John P. Jones | |
Jr/Sr: | United States Senator |
State: | Nevada |
Party: | Republican Silver (1895-1901) |
Term Start: | March 4, 1873 |
Term End: | March 3, 1903 |
Preceded: | James W. Nye |
Succeeded: | Francis G. Newlands |
Birth Date: | 27 January 1829 |
Birth Place: | Herefordshire, England |
Death Place: | Los Angeles, California |
Profession: | Mining |
Signature: | Signature of John Percival Jones (1829–1912).png |
John Percival Jones (January 27, 1829November 27, 1912) was an American politician who served for 30 years as a Republican United States Senator from Nevada. He made a fortune in silver mining and was a co-founder of the town of Santa Monica, California.
John P. Jones, one of thirteen children of Thomas Jones (1793–1871) and Mary A. Jones, was born in Hay-on-Wye, England. The family immigrated to the United States and settled in Cleveland, Ohio, in 1831. Thomas Jones purchased property, and established himself in business as a marble manufacturer.[1]
In 1849 John P. Jones went to California to participate in the Gold rush. He settled in Trinity County, California, where he engaged in mining and farming. He served as county sheriff, and was a member of the California State Senate from 1863 to 1867. In 1867 he was the nominee of the Republican Party for Lieutenant Governor of California.[2]
In 1868, Jones moved to Gold Hill, Nevada, where he was superintendent of the Crown Point silver mine which was part of the Comstock Lode. When a body of silver ore was stuck in 1870, Jones and Alvinza Hayward acquired shares and were able to gain control of the Crown Point mine.[3] [4] [5]
In 1873 he was elected by the Nevada Legislature to the United States Senate, in which he served five terms from 1873 to 1903. He served as chairman of the Senate Committee on Auditing the Contingent Expenses from 1877 to 1881 and from 1883 to 1893, and as chairman of the committee on epidemic diseases from 1893 to 1903. Jones was involved with the minting of the twenty-cent piece silver coin. Like many Republicans from the western United States, Jones left the party in 1896 over the issue of bimetalism and joined the Silver Party.[6] [7] He caucused with the Silver Republicans and later rejoined the Republican Party, but decided not to run for re-election to the Senate in 1902. Jones was a strong proponent of racist immigration policy, arguing on the Senate floor for the exclusion of the "tawny and the black races, in order that our own race may be kept intact and uncontaminated."[8]

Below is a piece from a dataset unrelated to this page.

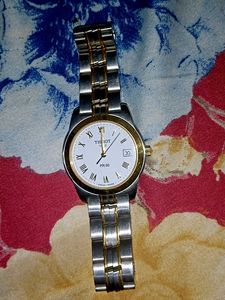 A gold and silver shining tissot watch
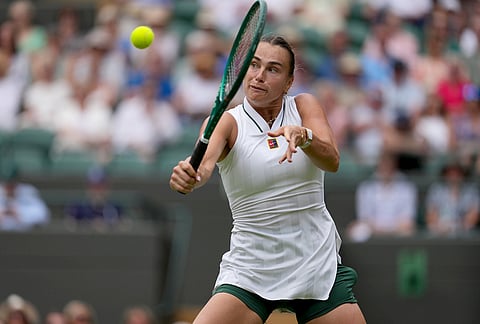 Aryna Sabalenka of Belarus returns the ball to McCartney Kessler of the United States in their second round women's singles match at the Wimbledon Tennis Championships in London, Wednesday, July 1, 2026.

In 1874, Jones and fellow Nevada senator, William M. Stewart, invested in the Panamint silver mines near Independence, Inyo County, California.[9] Jones planned to build a railroad from the mines to the ocean at Santa Monica. By 1877, the Panamint mines were exhausted and closed.[10]
Jones visited Los Angeles in 1874 and bought a three quarter interest in Colonel Robert S. Baker’s ranch in Santa Monica. In 1875, Jones and Baker laid out the town of Santa Monica. Jones built the first railroad (Los Angeles and Independence Railroad) from Los Angeles to Santa Monica. Due to financial pressures, Jones was forced to sell the railroad to Southern Pacific in 1877.[11]
Since 2000, there has been a nightclub in Santa Monica called Senator Jones.[12]
In 1903 Jones retired to his 1889 home, Miramar, in Santa Monica where he continued to oversee his businesses. Shortly before he died, Miramar was sold to King Gillette. Gillette rarely visited the house, and after a brief spell towards the end of World War I as a boys military academy, the estate was sold to hotelier Gilbert Stevenson and it became the Hotel Miramar in 1921. Since then, it has been run by various hoteliers — except for during World War II, when the Army Air Corps took over the Miramar and used it as a redistribution center for officers and enlisted men returning from overseas. The mansion was demolished in 1938, leaving as the oldest structure, the six story "Palisades" wing built in 1924. The Moreton Bay Fig Tree, given to the Jones’ by the bartender in 1889, still stands where it was planted by gardener W.H. Lee. The site is now the home of the Fairmont Miramar Hotel.
Jones married the widow Hannah Cornelia (Conger) Greathouse, in 1861, and they had one son, Roy Jones. Hannah died in 1871, and Jones married Georgina Frances Sullivan in 1875.[13] They had three daughters, Alice (MacMonnies), Marion (Farquhar) and Georgina (Walton).
Jones died in 1912 in Los Angeles, California, and was buried in Laurel Hill Cemetery in San Francisco, California.